→ **EXERCISE INPUT**:
= = =

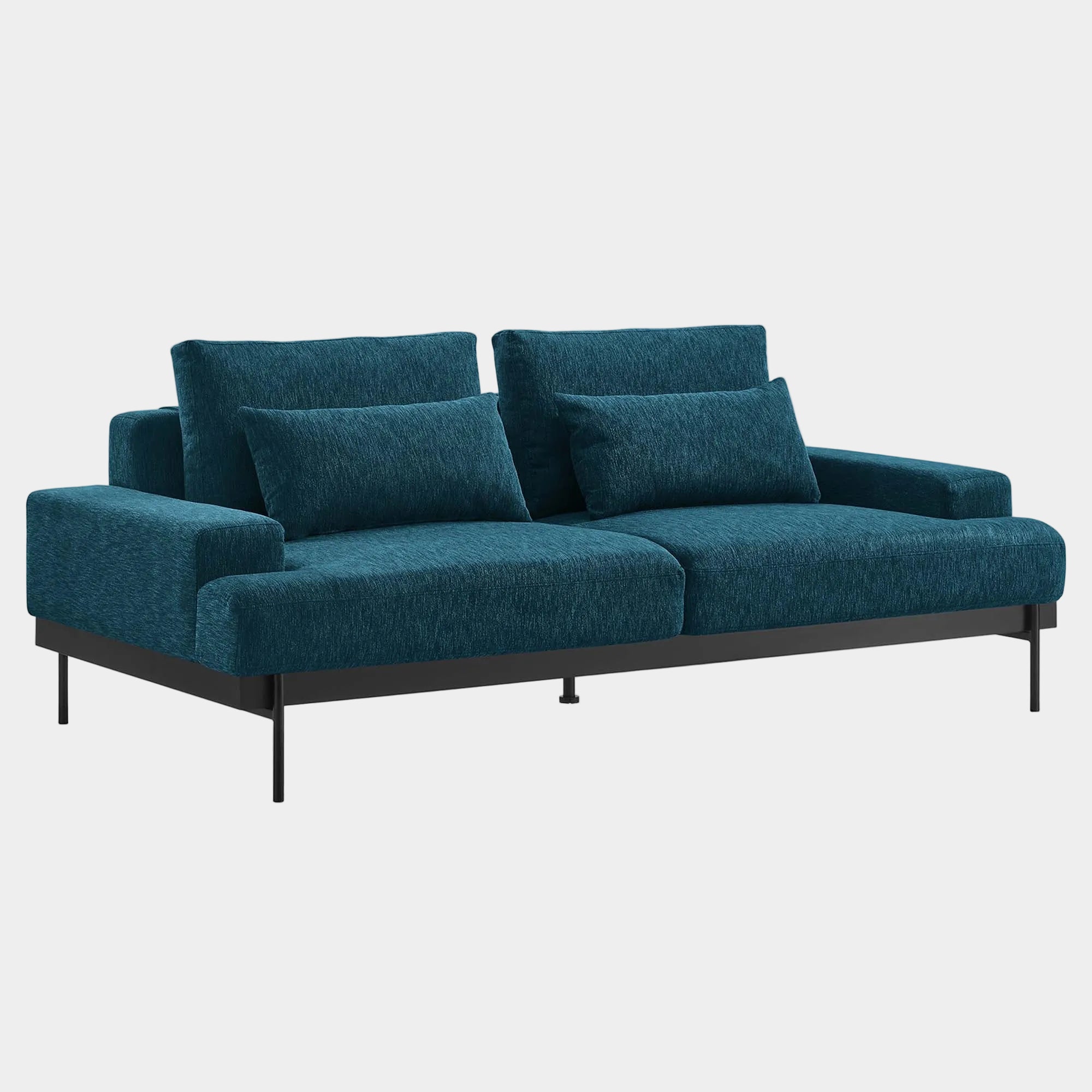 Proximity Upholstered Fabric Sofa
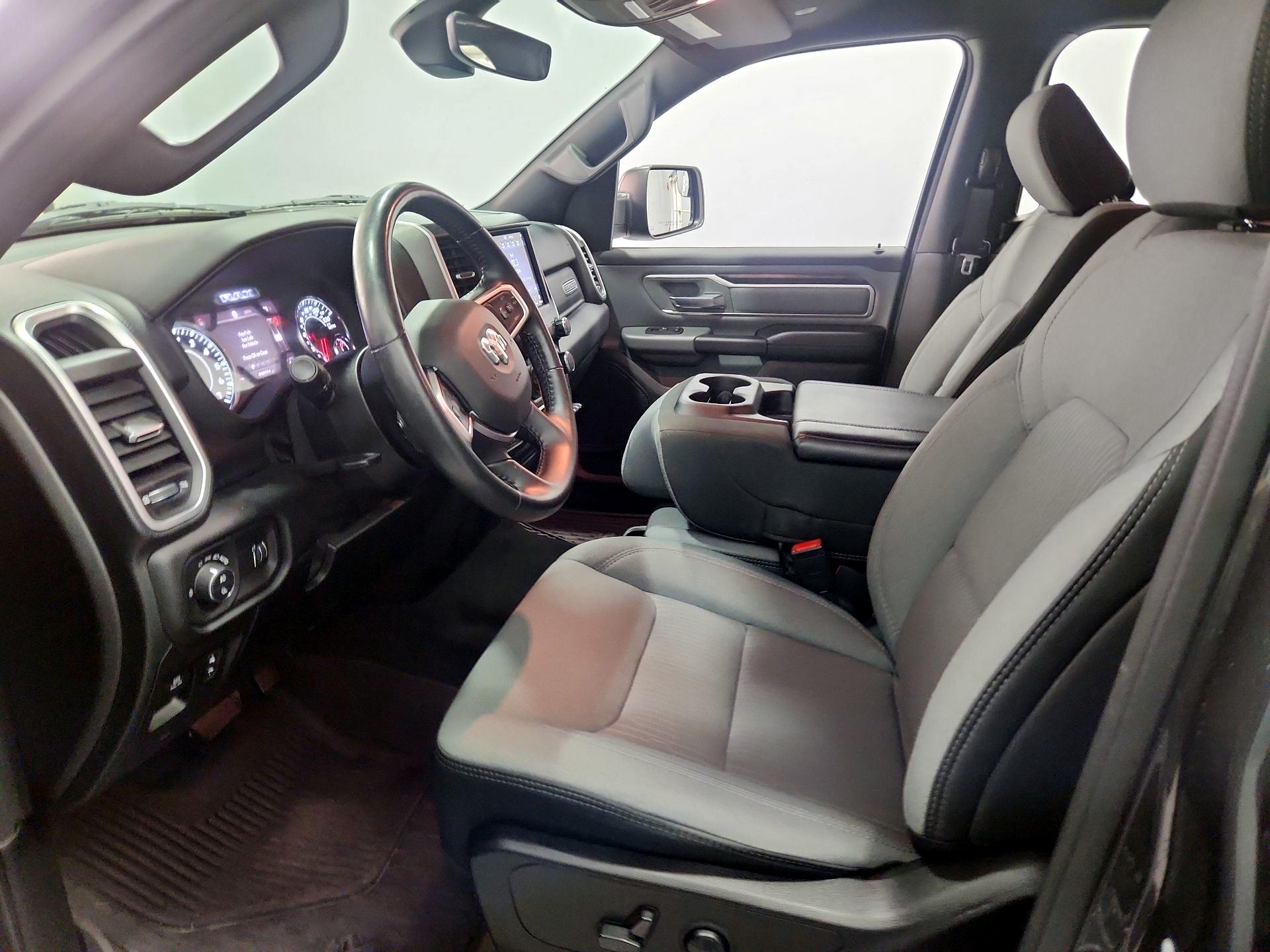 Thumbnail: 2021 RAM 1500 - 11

= = =

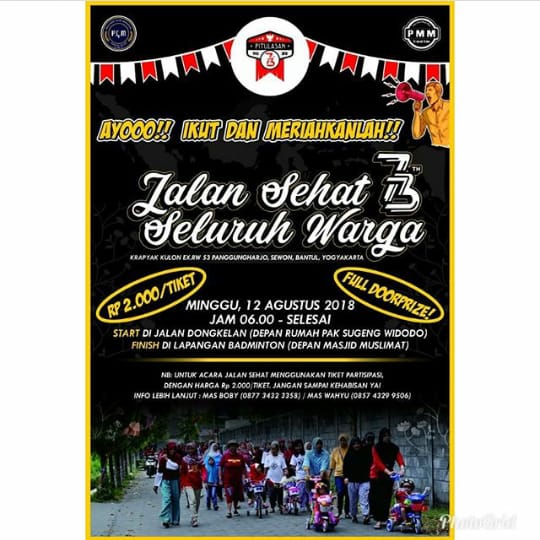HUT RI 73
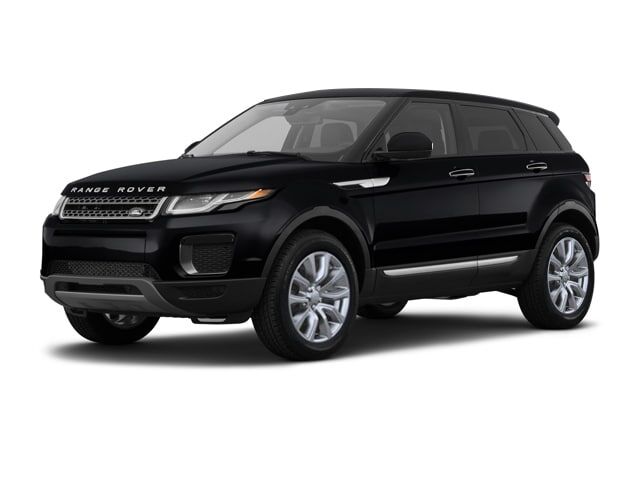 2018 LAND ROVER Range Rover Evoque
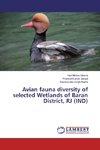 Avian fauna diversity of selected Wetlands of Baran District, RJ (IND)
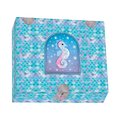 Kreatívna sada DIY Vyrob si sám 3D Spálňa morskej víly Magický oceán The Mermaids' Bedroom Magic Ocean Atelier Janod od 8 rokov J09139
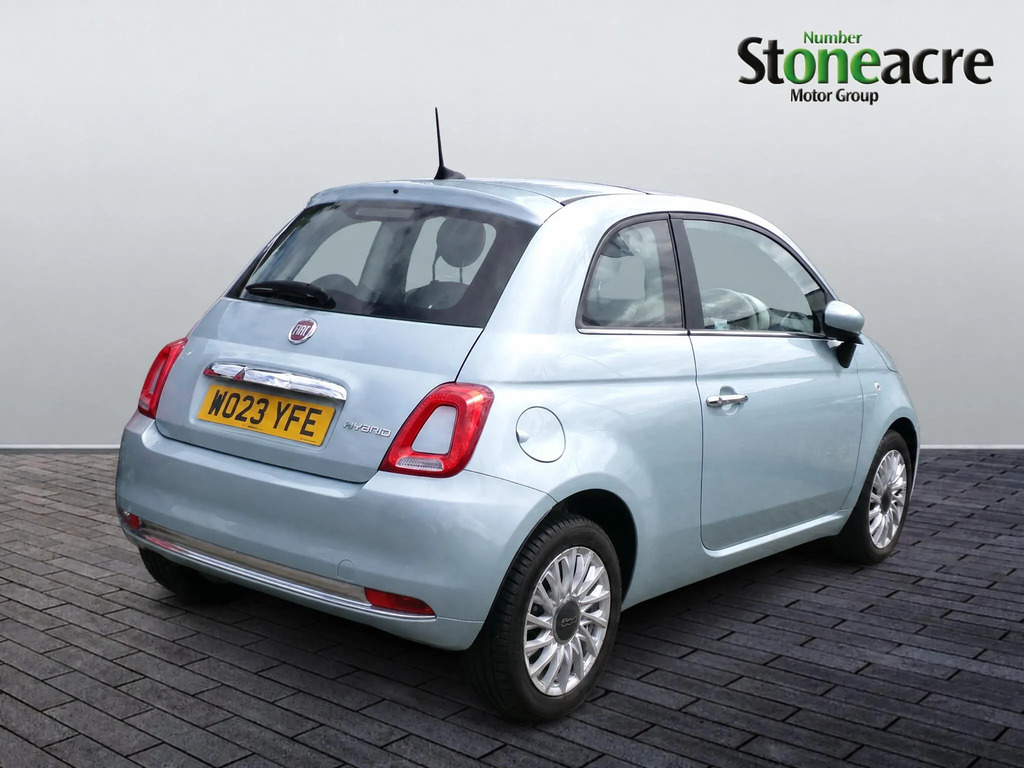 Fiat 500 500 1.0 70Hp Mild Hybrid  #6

= = =

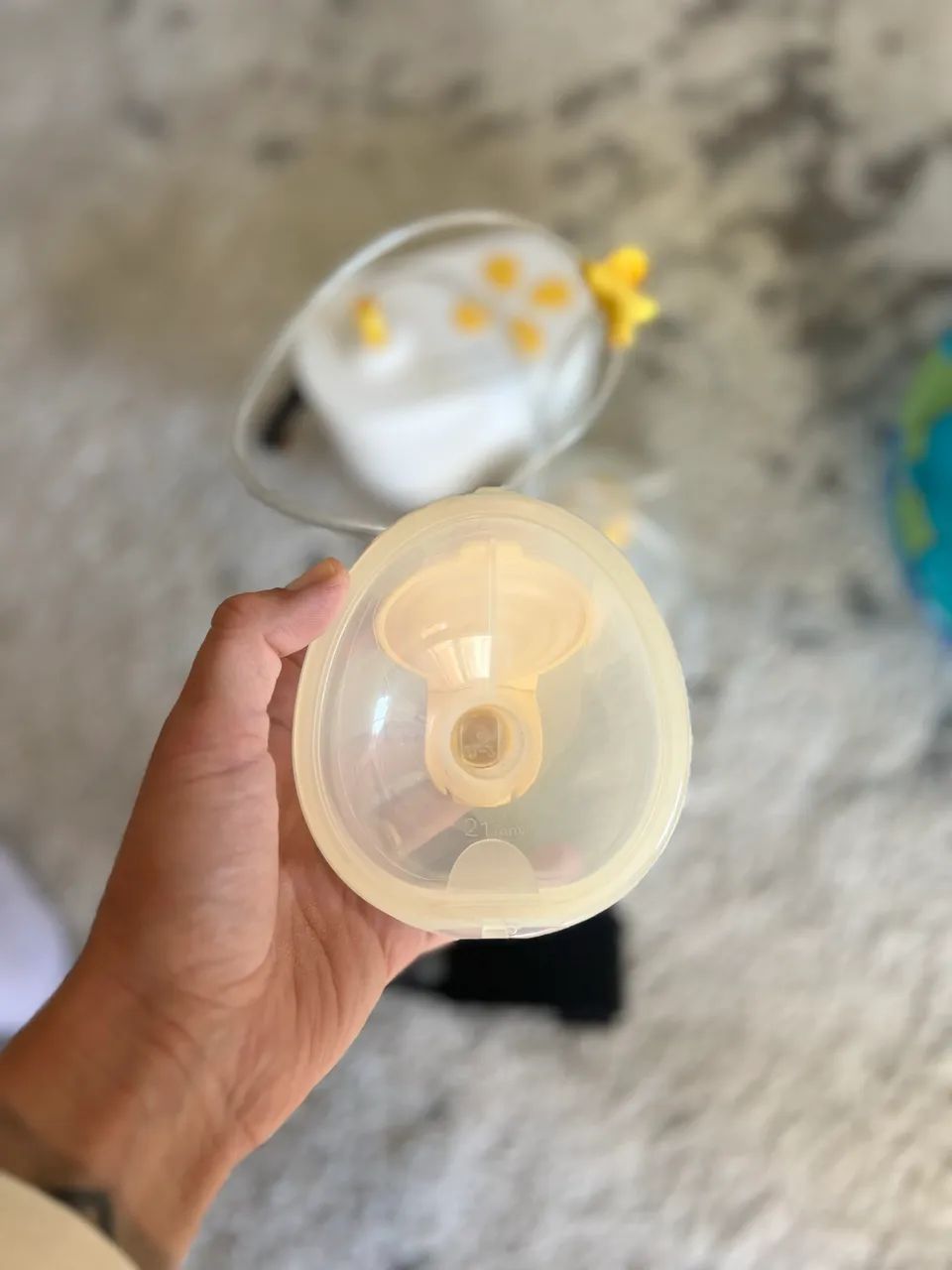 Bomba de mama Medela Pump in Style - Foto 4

= = =

→ **WORK REQUEST**:
Your reply is to be an exact repeat of the listing above from the line holding "Kreatívna sada DIY" down to the line holding "Fiat 500 500", ends included, pictures excluded.

→ **FINISHED EXERCISE**:
 Kreatívna sada DIY Vyrob si sám 3D Spálňa morskej víly Magický oceán The Mermaids' Bedroom Magic Ocean Atelier Janod od 8 rokov J09139
 Fiat 500 500 1.0 70Hp Mild Hybrid  #6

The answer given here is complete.